The Misconception That's Getting Companies Fined
When CERT-In issued its April 2022 cybersecurity directive, it triggered a wave of procurement calls for VAPT reports. Security vendors — and frankly a lot of compliance consultants — implied that VAPT was what CERT-In was requiring. It is not. Understanding the distinction matters because companies that bought VAPT reports and called it done may still be non-compliant, while companies that dismissed the directive as "just a VAPT requirement" never addressed the actual obligations.
This article explains exactly what the directive requires, what it does not require, and where VAPT fits in a compliant posture.
What the April 2022 Directive Actually Says
The Ministry of Electronics & Information Technology (MeitY) directed CERT-In to issue mandatory directions under Section 70B(6) of the IT Act 2000. The resulting direction — CERT-In Direction No. 20(3)/2022 — was published on 28 April 2022 and came into effect 60 days later.
The Six Core Obligations
1. Synchronise clocks with Indian Standard Time (IST) Every ICT system — servers, workstations, network devices, cloud instances — must synchronise to NTP servers at the National Informatics Centre (NIC) or NPL. This sounds trivial, but mismatched timestamps between your application logs and your firewall logs make forensic investigation impossible. Penalty-triggering scenarios: you report an incident but CERT-In's forensic team finds your timestamps don't match any known attack timeline.

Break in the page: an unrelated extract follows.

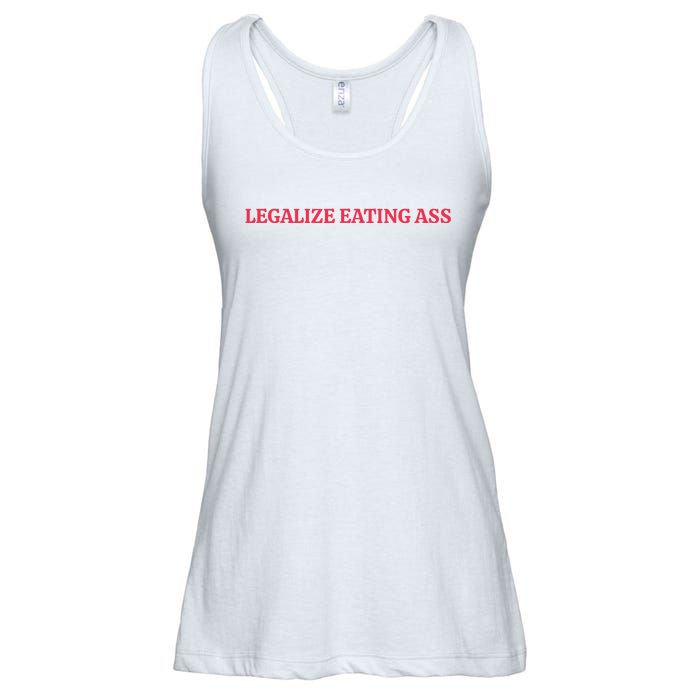 Legalize Eating Ass Ladies Essential Flowy Tank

2. Mandatory incident reporting within 6 hours This is the operative clause. If you experience any of the 28 listed incident types, you must report to CERT-In within 6 hours of detection — not 6 hours of becoming certain it was an incident, 6 hours of detection. The 28 categories include:
- Targeted scanning of critical networks
- Compromise of critical systems
- Website defacement
- Malware propagation
- Unauthorised access to IT systems
- Data breach or theft
- Attacks on internet infrastructure
- Phishing and fraudulent websites
- DDoS attacks
- Cryptomining / cryptojacking
- Ransomware attacks
4. Maintain ICT system logs for 180 days All logs must be retained for a minimum of 180 days within Indian jurisdiction. If you use a foreign SIEM or cloud logging service, logs must be mirrored to India. This covers: server logs, application logs, network device logs, firewall logs, and VPN logs.
5. Virtual Asset Service Providers (VASPs) must maintain KYC records for 5 years Specifically applicable to crypto exchanges, wallet providers, and custodians. Customer identity records, transaction logs, and financial records must be retained for 5 years.
6. Virtualisation and cloud providers must provide subscriber information on request If you are a cloud, VPN, or hosting provider, you must be able to produce subscriber information on a CERT-In request within the timeframe specified in the request.
So Why Does Everyone Talk About VAPT?
VAPT comes into the CERT-In picture in three legitimate ways:
1. Vulnerability Disclosure Policy (VDP) recommendations CERT-In has separately recommended (not mandated) that organisations maintain a VDP — a published process for security researchers to report vulnerabilities. Running regular VAPT scans is the natural complement: if you're encouraging responsible disclosure, you should also be proactively finding your own vulnerabilities.
2. Sector-specific CERT-In empanelment requirements CERT-In maintains a list of empanelled security auditing organisations. Certain regulated sectors — banking, critical infrastructure, government portals — are required by their own regulators (RBI, SEBI, MoD) to use CERT-In empanelled vendors for security audits. This is where "CERT-In VAPT" as a phrase comes from: it means "VAPT conducted by a CERT-In empanelled vendor," not "VAPT required by CERT-In."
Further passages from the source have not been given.